When using source tracking MissingLink commits your current changes to a side repository in your Git hosting provider. This means that all of your uncommitted changes will be available to the job and versioned so you can go back and see the code that was provided to the job. If you are not using the source tracking feature, it is your responsibility to commit and push desired changes by adding the --git-repo and --git-tag flags to the command.

  • The code must be provided in git ssh format. https repositories are not supported.
  • If not provided, --git-tag defaults to master.
  • If the default organization credentials don't have access to the repo, pass --git-identity PATH to specify an alternative path to Git credentials (SSH key).

Note

As with any other sensitive data, the key is encrypted before leaving your computer and can't be decrypted without your organization key. For more information regarding MissingLink's encryption policy, see Using confidential data.

When using source tracking, you can use the --source-dir PATH flag to provide the path to the directory that holds the code files and tracking repository configuration.

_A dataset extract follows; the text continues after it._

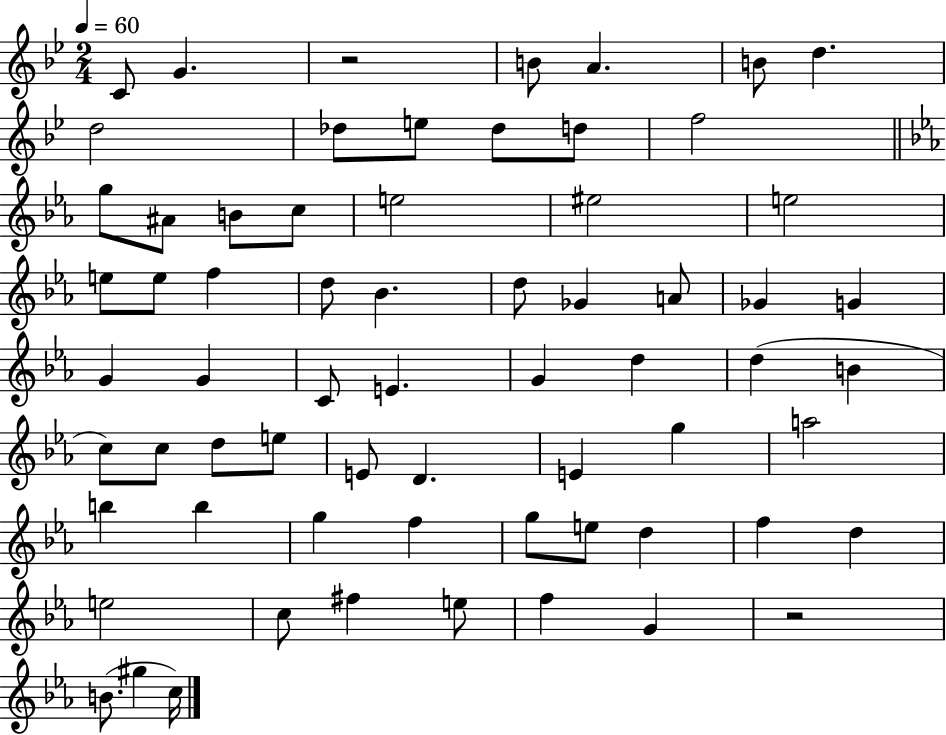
C4/e G4/q. R/h B4/e A4/q. B4/e D5/q. D5/h Db5/e E5/e Db5/e D5/e F5/h G5/e A#4/e B4/e C5/e E5/h EIS5/h E5/h E5/e E5/e F5/q D5/e Bb4/q. D5/e Gb4/q A4/e Gb4/q G4/q G4/q G4/q C4/e E4/q. G4/q D5/q D5/q B4/q C5/e C5/e D5/e E5/e E4/e D4/q. E4/q G5/q A5/h B5/q B5/q G5/q F5/q G5/e E5/e D5/q F5/q D5/q E5/h C5/e F#5/q E5/e F5/q G4/q R/h B4/e. G#5/q C5/s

So, assuming you don't have other instructions in your recipe file,

$ ml run xp 

is equivalent to:

$ ml run xp --source-dir . 

and

$ ml run xp --git-repo [email protected]:missinglinkai/empty.git

is equivalent to:

$ ml run xp --git-repo [email protected]:missinglinkai/empty.git --git-tag master

In addition, you can specify all of the arguments explicitly:

$ ml run xp --git-repo [email protected]:missinglinkai/empty.git --git-tag my_tests_branch --git-identity ~/.ssh/id_rsa

Note

Git LFS and submodules are supported as long as the submodules are in SSH format or hosted in GitHub or BitBucket (where MissingLink converts https formats to Git formats automatically).

Providing data to your jobs

You can use the --data-volume and --data-query flags with the ml run xp command to specify data to be provided to the job. The data can be cloned into the /data folder of the job host or be made available as a python iterator object for your experiment.

Using data volumes is not mandatory for resource management. Still, using them enables many advanced features, such as:

  • Consistent Queries: Data queries include version and random seed value. As a result, the same query is guaranteed to return the same results in the same order every time it is executed.
  • Caching: If a file was downloaded during a previous execution of the job (regardless of the query used), it will not be fetched again.
  • Iterator: Using data iterators allows you to start training while the data is still downloading.
  • Data reproducibility: Just as with source tracking, you can always see the data query used by a job or an experiment from the MissingLink dashboard, compare the data sets used in different jobs, and reproduce the data in your computer using ml data clone.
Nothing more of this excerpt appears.